Since the 1960s, multiple robotic spacecraft have been sent to explore Mars. Mariner 4 sent the first photograph of Mars on July 14, 1965 —it took eight hours to arrive.

The first digital image from Mars

The Viking 1 lander became the first spacecraft to successfully land on the planet on July 20, 1976 and perform its mission.

Landing on Mars had been planned for July 4, 1976, the United States Bicentennial, but imaging of the primary landing site showed it was too rough for a safe landing. The landing was delayed until a safer site was found.

Spirit, a NASA Mars rover, landed successfully on Mars at 04:35 UTC on January 4, 2004.

Viking 1 held the record for the longest Mars surface mission of 2307 days until that record was broken by Opportunity on May 19, 2010.

Viking Lander model.
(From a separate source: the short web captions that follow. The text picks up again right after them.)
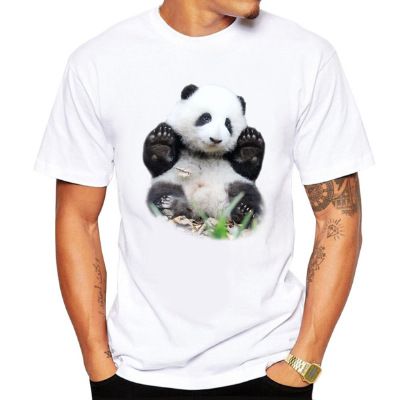 Ongeëvenaarde kwaliteit 2024 Panda Bloemenpatroon Bedrukt Heren T-shirt Los Kort Mouw_voghion.com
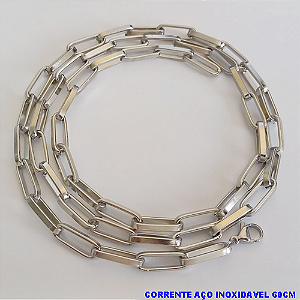CORRENTE EM AÇO INOXIDAVEL PRONTA COM FECHO LAGOSTA (TAMANHO 60CM) LARGURA 5.6MM - (AÇO22) AÇO2289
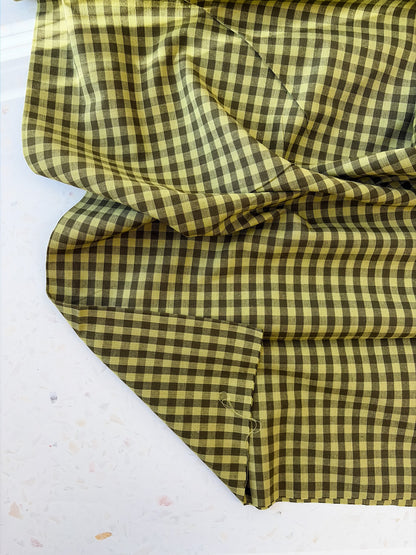 Gingham Woven Cotton | Leafy Stem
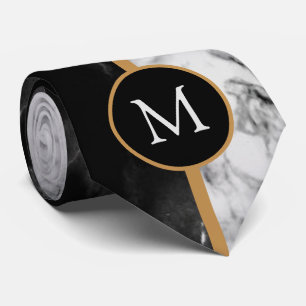 Corbata con Cuello de Monograma Negro Blanco Mármo
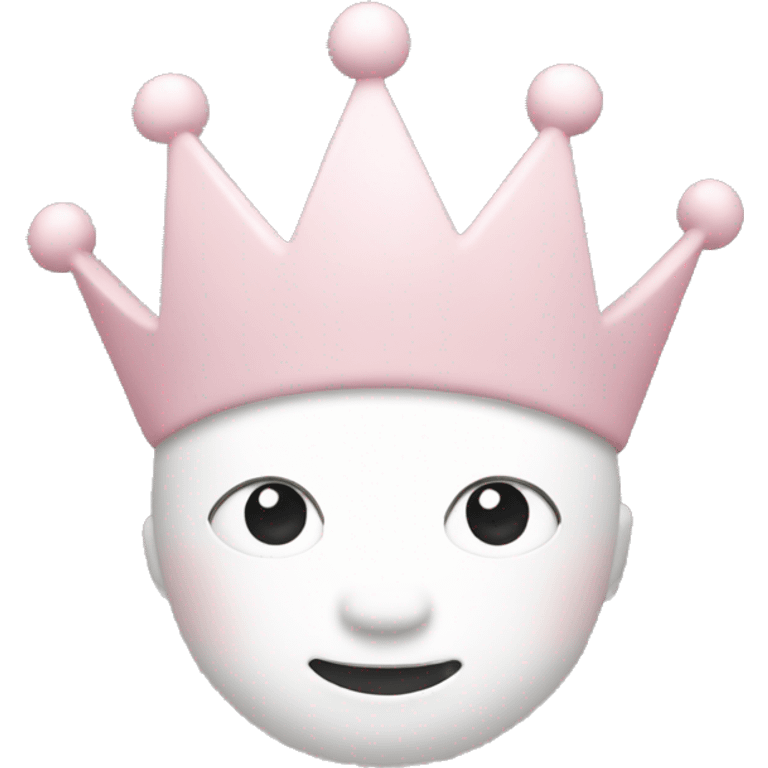 White and pastel pink crown emoji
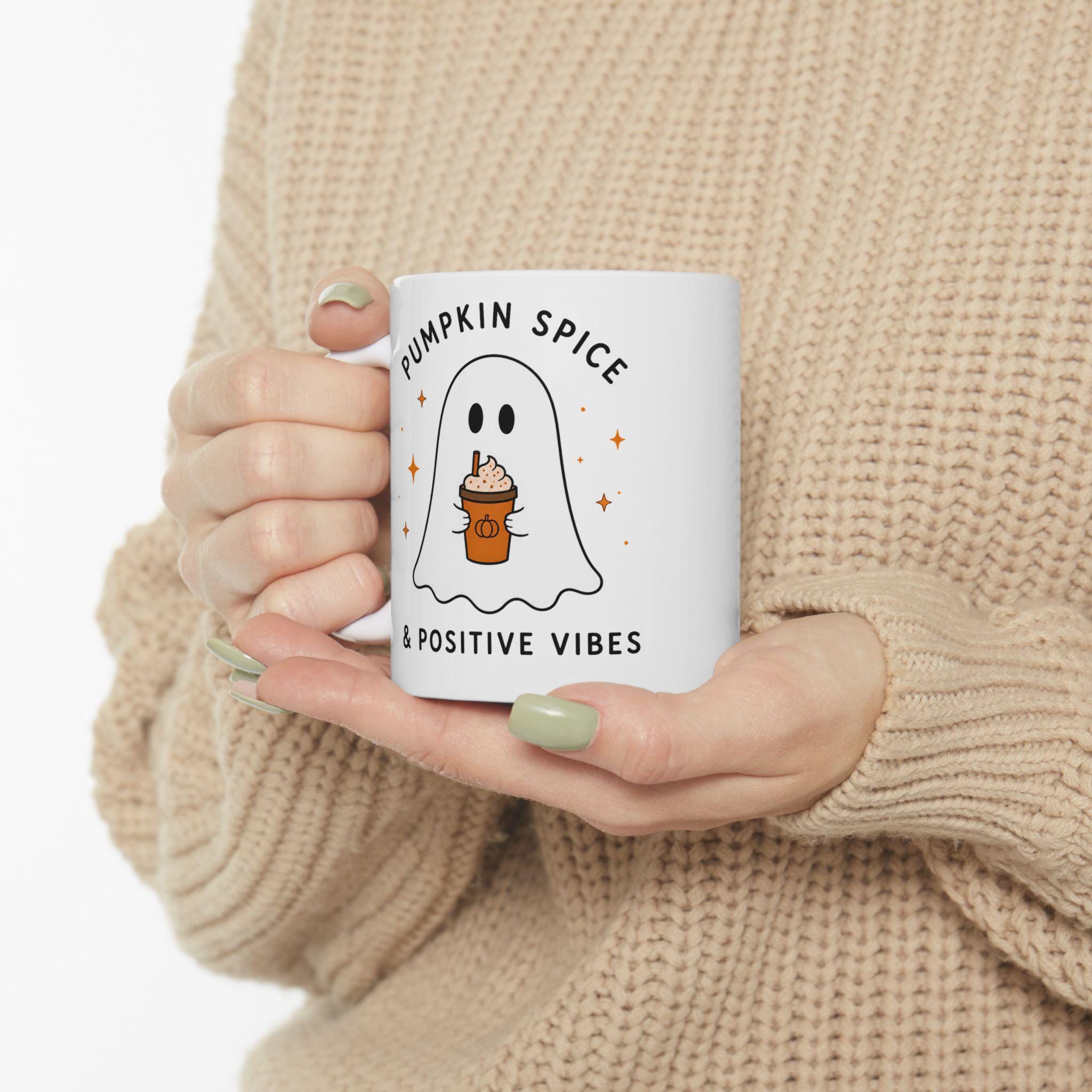 Ghost Pumpkin Spice Mug | Cozy Fall Ceramic Coffee Cup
By Mark Pelligrino - Wikipedia Commons
Opportunity was the second of the two rovers launched in 2003 to land on Mars and begin traversing the Red Planet in search of signs of past life.  Opportunity landed on Mars the following year to begin missions planned to last three months, but has far exceeded expectations and remains active.

Mars made its closest approach to Earth in nearly 60,000 years on August 27, 2003, passing 34,646,418 miles (55,758,005 km) distant.


Despite being known as the Red planet, the color of Mars is closer to butterscotch.

Mars' reddish color is a result of iron oxide, which is known as rust and has the consistency of talcum powder. The iron oxide forms a rust dust that floats in the atmosphere and creates a coating across much of the landscape. The metallic rocks on Mars are literally rusting.

Exposure of silica-rich dust uncovered by the Spirit rover

Mars has the highest known volcano in the Solar System, the 13.6 miles (nearly 22 km) high Olympus Mons, is about two and a half times as tall as Mount Everest.

It is half the size of Earth, has two polar ice caps and has similar seasons to our planet. The Martian day is only 41 minutes longer than the day on earth.

Gravity on Mars is only about 40% that of Earth's, so a person would be 60% lighter.

The average temperature on Mars is -63C.

The highest recorded surface temperature on Mars is 35C.

Mars has the largest and most violent dust storms in our entire solar system, often with winds winds topping 125 mph. The storms can last for weeks and can cover the entire planet.

On September 29, 2008, the Phoenix lander took pictures of snow falling from clouds 4.5 km above its landing site near Heimdall crater. The precipitation vaporized before reaching the ground, a phenomenon called virga.

Mars has barely any atmosphere - about one per cent of the density of the atmospheric blanket around Earth. That's not enough to protect the surface from dangerous space radiation.

Because Mars has almost no atmosphere, its sunrises and sunsets appear blue.

India's Mars mission cost less than the movie Gravity.

The Outer Space Treaty states that robots and humans can't get close to water sources on Mars for fear of contaminating it with Earth life.